Gershenson D M
Department of Gynecologic Oncology, University of Texas M. D. Anderson Cancer Center, Houston 77030.
Gynecol Oncol. 1994 Dec;55(3 Pt 2):S62-72.
Malignant ovarian germ cell tumors (OGCT) and sex cord-stromal tumors (OSCST), each of which account for less than 5% of all ovarian malignancies, are much less common than epithelial ovarian cancer. In young patients suspected of having an OGCT, laparotomy is initially indicated for both diagnosis and treatment. For most patients, unilateral salpingo-oophorectomy with preservation of the contralateral ovary and the uterus is appropriate. The basis for this surgical approach is retrospective studies that show an equivalent cure rate for patients who undergo unilateral or bilateral adnexectomy. No prospective studies have compared unilateral with bilateral adnexectomy. Surgical staging is also important to determine the extent of disease, to determine prognosis, and to guide postoperative management. If metastatic disease is encountered during initial surgery for OGCT, the same principles of cytoreductive surgery that have been applied to surgically manage advanced epithelial ovarian cancer are recommended, with resection of as much tumor as is technically feasible and safe. For all OGCT patients except those with well-documented stage IA grade 1 pure immature teratoma or stage IA pure dysgerminoma, postoperative chemotherapy is indicated. The current recommended regimen for OGCT is bleomycin, etoposide, and cisplatin--a combination that appears to result in at least a 95% cure rate for stage I disease and at least a 75% cure rate for advanced-stage disease. For patients with metastatic dysgerminoma, chemotherapy, which has the advantage of preserving fertility in the majority of patients, has supplanted radiotherapy as standard treatment. For patients with OSCST, no standard therapy exists. Surgery alone is currently acceptable treatment for all patients with OSCST except those who have metastatic disease or Sertoli-Leydig cell tumors with poor differentiation or heterologous elements. Currently, platinum-based combination chemotherapy is favored for these latter patients, but the activity of such regimens appears only modest.

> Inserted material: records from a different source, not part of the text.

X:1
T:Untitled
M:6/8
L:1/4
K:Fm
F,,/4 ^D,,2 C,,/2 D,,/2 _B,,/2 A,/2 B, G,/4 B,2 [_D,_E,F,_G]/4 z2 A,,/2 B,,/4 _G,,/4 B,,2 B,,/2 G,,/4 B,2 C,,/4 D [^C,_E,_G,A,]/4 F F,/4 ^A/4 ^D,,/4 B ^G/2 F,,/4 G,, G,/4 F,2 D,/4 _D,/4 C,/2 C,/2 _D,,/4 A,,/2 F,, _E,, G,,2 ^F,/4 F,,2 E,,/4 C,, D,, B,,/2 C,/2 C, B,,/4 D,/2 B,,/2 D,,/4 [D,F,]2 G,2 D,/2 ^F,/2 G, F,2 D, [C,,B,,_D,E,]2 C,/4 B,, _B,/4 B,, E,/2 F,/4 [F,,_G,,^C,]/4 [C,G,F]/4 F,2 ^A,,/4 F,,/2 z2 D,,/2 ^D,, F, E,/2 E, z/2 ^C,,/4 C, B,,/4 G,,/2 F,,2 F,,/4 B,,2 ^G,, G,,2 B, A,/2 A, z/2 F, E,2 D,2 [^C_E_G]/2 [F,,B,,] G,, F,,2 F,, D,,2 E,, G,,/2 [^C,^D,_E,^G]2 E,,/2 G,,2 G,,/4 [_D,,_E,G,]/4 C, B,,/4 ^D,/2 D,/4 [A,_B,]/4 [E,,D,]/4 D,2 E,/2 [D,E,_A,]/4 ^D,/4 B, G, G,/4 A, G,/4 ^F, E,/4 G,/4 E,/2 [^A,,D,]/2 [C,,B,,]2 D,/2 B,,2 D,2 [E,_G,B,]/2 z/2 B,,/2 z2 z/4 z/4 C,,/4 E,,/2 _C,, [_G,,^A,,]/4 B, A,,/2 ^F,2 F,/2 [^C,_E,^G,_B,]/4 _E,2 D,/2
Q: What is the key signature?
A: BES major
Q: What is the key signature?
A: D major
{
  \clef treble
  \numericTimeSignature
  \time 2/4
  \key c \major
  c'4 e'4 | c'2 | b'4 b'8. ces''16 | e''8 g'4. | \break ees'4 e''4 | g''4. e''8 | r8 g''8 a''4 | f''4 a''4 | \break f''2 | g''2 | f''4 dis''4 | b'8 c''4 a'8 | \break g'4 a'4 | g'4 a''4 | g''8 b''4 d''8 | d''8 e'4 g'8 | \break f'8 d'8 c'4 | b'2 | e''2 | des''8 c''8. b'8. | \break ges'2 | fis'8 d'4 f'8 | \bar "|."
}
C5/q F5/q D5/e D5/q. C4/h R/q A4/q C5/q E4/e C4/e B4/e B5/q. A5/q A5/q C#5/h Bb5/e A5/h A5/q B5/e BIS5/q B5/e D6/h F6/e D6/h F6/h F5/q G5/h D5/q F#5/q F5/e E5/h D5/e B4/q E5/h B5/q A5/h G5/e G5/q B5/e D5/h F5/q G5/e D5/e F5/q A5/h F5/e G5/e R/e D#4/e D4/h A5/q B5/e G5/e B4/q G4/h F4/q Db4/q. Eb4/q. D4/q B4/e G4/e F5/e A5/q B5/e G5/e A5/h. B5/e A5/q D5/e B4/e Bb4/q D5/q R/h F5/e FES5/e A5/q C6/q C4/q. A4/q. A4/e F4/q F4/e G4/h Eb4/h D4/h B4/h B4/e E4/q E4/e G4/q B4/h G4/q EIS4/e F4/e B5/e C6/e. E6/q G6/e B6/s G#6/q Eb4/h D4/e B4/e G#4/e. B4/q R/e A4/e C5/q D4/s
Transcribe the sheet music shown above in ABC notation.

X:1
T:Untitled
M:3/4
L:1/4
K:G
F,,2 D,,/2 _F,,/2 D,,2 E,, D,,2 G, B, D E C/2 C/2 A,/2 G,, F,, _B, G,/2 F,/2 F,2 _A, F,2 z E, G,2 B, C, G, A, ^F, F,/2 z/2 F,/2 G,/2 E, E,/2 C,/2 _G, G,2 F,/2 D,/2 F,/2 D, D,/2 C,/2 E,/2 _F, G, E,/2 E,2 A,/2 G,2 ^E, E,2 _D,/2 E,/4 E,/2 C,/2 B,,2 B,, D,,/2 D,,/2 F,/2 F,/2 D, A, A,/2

恶性卵巢生殖细胞肿瘤(OGCT)和性索间质肿瘤(OSCST),每种肿瘤在所有卵巢恶性肿瘤中所占比例均不到5%,比上皮性卵巢癌少见得多。对于怀疑患有OGCT的年轻患者,剖腹手术最初用于诊断和治疗。对于大多数患者,行单侧输卵管卵巢切除术并保留对侧卵巢和子宫是合适的。这种手术方法的依据是回顾性研究,该研究表明接受单侧或双侧附件切除术的患者治愈率相当。尚无前瞻性研究比较单侧与双侧附件切除术。手术分期对于确定疾病范围、判断预后以及指导术后管理也很重要。如果在OGCT的初次手术中发现转移性疾病,建议采用与手术治疗晚期上皮性卵巢癌相同的细胞减灭术原则,即在技术可行且安全的情况下尽可能切除肿瘤。对于所有OGCT患者,除了那些有充分记录的IA期1级纯未成熟畸胎瘤或IA期纯无性细胞瘤患者外,术后均需化疗。目前推荐的OGCT化疗方案是博来霉素、依托泊苷和顺铂——该联合方案似乎能使I期疾病的治愈率至少达到95%,晚期疾病的治愈率至少达到75%。对于转移性无性细胞瘤患者,化疗已取代放疗成为标准治疗方法,其优点是大多数患者可保留生育能力。对于OSCST患者,尚无标准治疗方法。目前,对于所有OSCST患者,除了那些有转移性疾病或分化不良或有异源性成分的支持间质细胞瘤患者外,单纯手术是可接受的治疗方法。目前,铂类联合化疗更适合后一类患者,但此类方案的活性似乎一般。